Task prompt ->
Return the listing below exactly, with the pictures dropped.

Stored data ->
· · · · · · ·

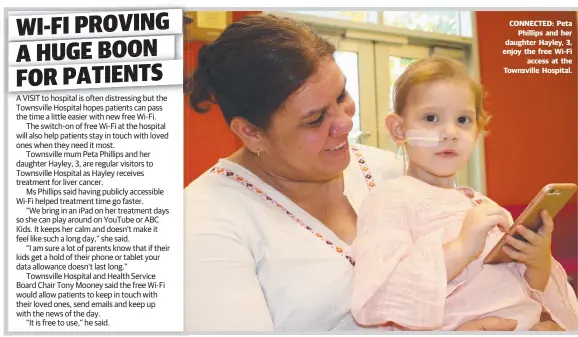  ??  ?? CONNECTED: Peta Phillips and her daughter Hayley, 3, enjoy the free Wi- Fi access at the Townsville Hospital.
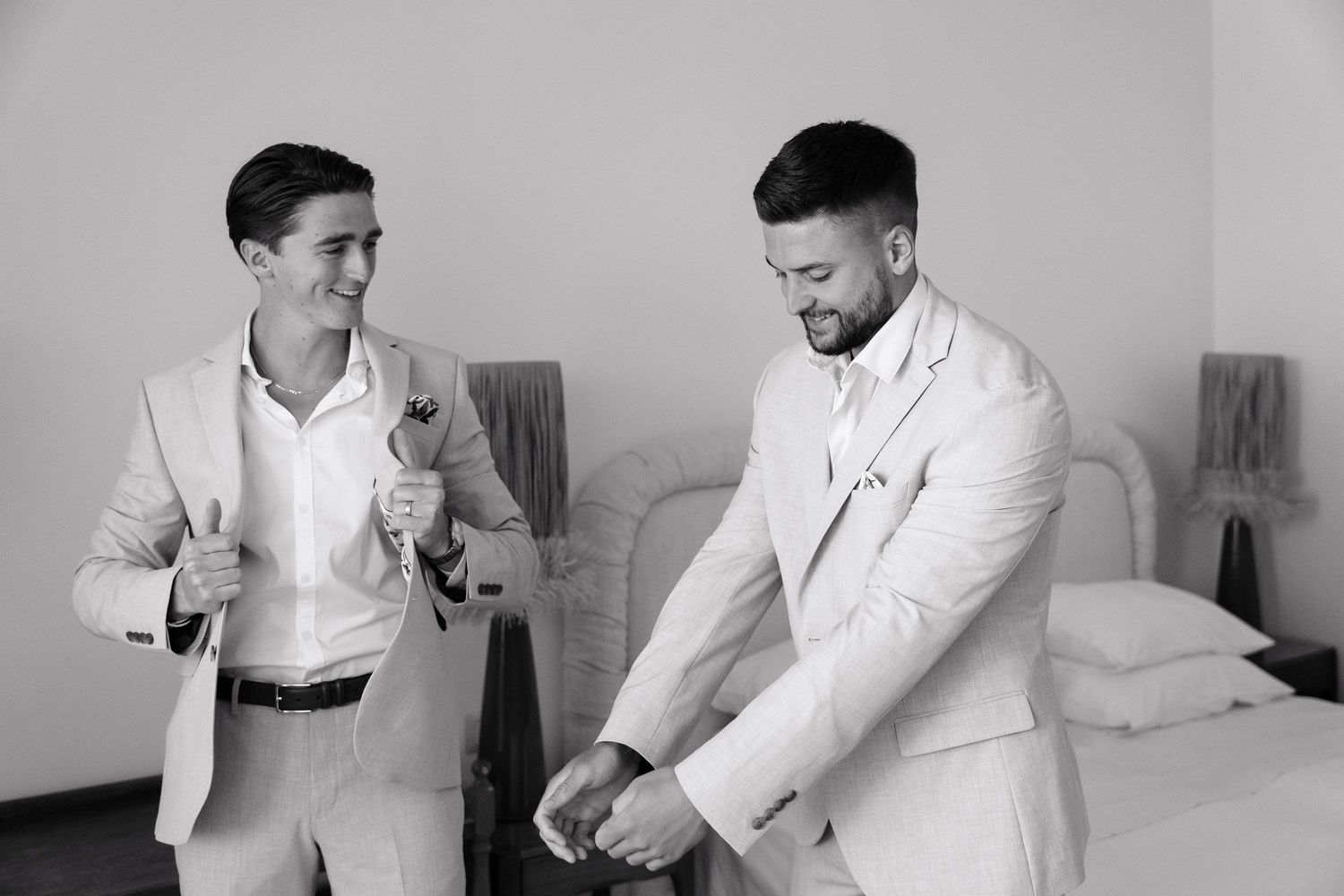Two people in white suits share a lighthearted moment while getting ready in a bedroom setting.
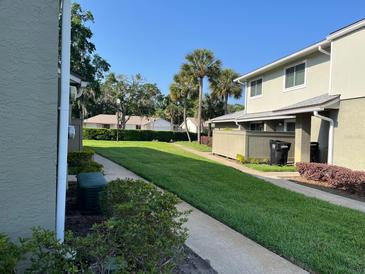 A well-maintained condo exterior with lush green lawn and manicured landscaping on a sunny day at 4596 Pheasant Run Dr # C, Orlando, FL 32808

· · · · · · ·

Answer space ->
  ??  ?? CONNECTED: Peta Phillips and her daughter Hayley, 3, enjoy the free Wi- Fi access at the Townsville Hospital.
Two people in white suits share a lighthearted moment while getting ready in a bedroom setting.
 A well-maintained condo exterior with lush green lawn and manicured landscaping on a sunny day at 4596 Pheasant Run Dr # C, Orlando, FL 32808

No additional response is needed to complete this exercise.